◆ **Exercise details**:
Pull out of the data below the stretch of lines bounded by the one containing "3 Photograph of" and the one containing "Alto Blue Metallic", both bounds included, unchanged.

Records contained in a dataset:
---*---
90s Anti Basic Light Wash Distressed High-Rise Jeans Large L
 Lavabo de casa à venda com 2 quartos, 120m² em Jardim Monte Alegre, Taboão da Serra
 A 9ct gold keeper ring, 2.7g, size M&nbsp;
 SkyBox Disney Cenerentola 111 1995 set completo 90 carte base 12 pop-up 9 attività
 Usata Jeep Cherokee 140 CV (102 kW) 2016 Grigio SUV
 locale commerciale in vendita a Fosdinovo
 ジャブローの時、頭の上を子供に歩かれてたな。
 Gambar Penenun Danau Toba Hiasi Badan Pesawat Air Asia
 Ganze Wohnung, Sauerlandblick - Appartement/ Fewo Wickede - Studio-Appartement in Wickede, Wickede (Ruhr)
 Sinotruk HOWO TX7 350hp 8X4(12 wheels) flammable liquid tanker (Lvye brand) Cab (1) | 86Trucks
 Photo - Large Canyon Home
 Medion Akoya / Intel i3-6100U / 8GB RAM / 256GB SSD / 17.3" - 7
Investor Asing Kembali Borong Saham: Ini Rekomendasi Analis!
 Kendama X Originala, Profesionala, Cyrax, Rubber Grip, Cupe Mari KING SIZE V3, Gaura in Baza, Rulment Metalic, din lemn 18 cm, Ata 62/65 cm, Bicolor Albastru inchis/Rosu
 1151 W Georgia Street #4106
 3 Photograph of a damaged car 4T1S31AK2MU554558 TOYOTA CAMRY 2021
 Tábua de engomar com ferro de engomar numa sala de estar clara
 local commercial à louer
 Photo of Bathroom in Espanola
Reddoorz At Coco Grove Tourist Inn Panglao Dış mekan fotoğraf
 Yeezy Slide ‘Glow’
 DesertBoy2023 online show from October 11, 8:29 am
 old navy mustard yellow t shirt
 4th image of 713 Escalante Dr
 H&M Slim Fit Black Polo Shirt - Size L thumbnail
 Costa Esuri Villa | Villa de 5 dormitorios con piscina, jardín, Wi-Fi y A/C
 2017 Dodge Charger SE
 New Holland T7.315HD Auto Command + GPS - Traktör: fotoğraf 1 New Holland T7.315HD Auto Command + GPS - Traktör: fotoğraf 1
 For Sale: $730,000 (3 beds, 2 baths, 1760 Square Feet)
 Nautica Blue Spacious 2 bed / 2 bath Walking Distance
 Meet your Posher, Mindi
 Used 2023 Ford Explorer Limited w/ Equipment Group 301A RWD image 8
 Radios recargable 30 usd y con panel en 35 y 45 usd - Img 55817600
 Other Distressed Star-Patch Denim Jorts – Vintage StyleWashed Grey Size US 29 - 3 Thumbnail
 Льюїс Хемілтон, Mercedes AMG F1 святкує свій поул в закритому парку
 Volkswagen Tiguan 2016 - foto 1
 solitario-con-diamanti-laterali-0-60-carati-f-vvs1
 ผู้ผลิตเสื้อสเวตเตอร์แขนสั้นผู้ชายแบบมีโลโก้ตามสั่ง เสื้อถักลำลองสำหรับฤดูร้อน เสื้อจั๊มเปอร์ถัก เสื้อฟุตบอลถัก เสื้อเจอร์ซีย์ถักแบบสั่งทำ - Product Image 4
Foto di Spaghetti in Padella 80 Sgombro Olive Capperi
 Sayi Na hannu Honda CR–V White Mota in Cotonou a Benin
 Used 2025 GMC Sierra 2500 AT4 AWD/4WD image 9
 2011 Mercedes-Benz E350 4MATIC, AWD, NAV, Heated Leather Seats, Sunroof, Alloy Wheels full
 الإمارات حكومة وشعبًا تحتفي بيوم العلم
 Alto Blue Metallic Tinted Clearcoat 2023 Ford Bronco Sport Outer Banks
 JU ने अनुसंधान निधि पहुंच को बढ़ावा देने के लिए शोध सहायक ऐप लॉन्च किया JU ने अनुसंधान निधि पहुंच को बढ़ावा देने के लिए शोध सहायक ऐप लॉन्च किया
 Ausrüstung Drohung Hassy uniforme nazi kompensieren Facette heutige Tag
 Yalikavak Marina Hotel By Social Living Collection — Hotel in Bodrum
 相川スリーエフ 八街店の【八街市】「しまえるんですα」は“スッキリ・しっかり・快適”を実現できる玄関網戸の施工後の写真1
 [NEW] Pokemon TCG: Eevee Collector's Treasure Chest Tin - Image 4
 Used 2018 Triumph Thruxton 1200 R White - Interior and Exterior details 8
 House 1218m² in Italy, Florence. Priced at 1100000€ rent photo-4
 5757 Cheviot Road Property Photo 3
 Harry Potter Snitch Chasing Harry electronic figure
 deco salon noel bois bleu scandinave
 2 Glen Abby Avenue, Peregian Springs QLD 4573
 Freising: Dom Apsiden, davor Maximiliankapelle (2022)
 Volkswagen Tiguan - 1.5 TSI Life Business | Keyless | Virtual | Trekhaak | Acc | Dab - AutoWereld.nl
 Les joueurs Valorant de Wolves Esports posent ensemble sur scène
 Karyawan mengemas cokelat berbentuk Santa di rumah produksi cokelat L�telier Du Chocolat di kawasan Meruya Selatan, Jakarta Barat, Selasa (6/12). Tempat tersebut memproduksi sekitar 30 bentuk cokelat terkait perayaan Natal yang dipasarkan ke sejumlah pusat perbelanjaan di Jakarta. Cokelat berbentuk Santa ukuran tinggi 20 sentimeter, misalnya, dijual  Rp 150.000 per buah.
---*---
◆ **Result for this exercise**:
 3 Photograph of a damaged car 4T1S31AK2MU554558 TOYOTA CAMRY 2021
 Tábua de engomar com ferro de engomar numa sala de estar clara
 local commercial à louer
 Photo of Bathroom in Espanola
Reddoorz At Coco Grove Tourist Inn Panglao Dış mekan fotoğraf
 Yeezy Slide ‘Glow’
 DesertBoy2023 online show from October 11, 8:29 am
 old navy mustard yellow t shirt
 4th image of 713 Escalante Dr
 H&M Slim Fit Black Polo Shirt - Size L thumbnail
 Costa Esuri Villa | Villa de 5 dormitorios con piscina, jardín, Wi-Fi y A/C
 2017 Dodge Charger SE
 New Holland T7.315HD Auto Command + GPS - Traktör: fotoğraf 1 New Holland T7.315HD Auto Command + GPS - Traktör: fotoğraf 1
 For Sale: $730,000 (3 beds, 2 baths, 1760 Square Feet)
 Nautica Blue Spacious 2 bed / 2 bath Walking Distance
 Meet your Posher, Mindi
 Used 2023 Ford Explorer Limited w/ Equipment Group 301A RWD image 8
 Radios recargable 30 usd y con panel en 35 y 45 usd - Img 55817600
 Other Distressed Star-Patch Denim Jorts – Vintage StyleWashed Grey Size US 29 - 3 Thumbnail
 Льюїс Хемілтон, Mercedes AMG F1 святкує свій поул в закритому парку
 Volkswagen Tiguan 2016 - foto 1
 solitario-con-diamanti-laterali-0-60-carati-f-vvs1
 ผู้ผลิตเสื้อสเวตเตอร์แขนสั้นผู้ชายแบบมีโลโก้ตามสั่ง เสื้อถักลำลองสำหรับฤดูร้อน เสื้อจั๊มเปอร์ถัก เสื้อฟุตบอลถัก เสื้อเจอร์ซีย์ถักแบบสั่งทำ - Product Image 4
Foto di Spaghetti in Padella 80 Sgombro Olive Capperi
 Sayi Na hannu Honda CR–V White Mota in Cotonou a Benin
 Used 2025 GMC Sierra 2500 AT4 AWD/4WD image 9
 2011 Mercedes-Benz E350 4MATIC, AWD, NAV, Heated Leather Seats, Sunroof, Alloy Wheels full
 الإمارات حكومة وشعبًا تحتفي بيوم العلم
 Alto Blue Metallic Tinted Clearcoat 2023 Ford Bronco Sport Outer Banks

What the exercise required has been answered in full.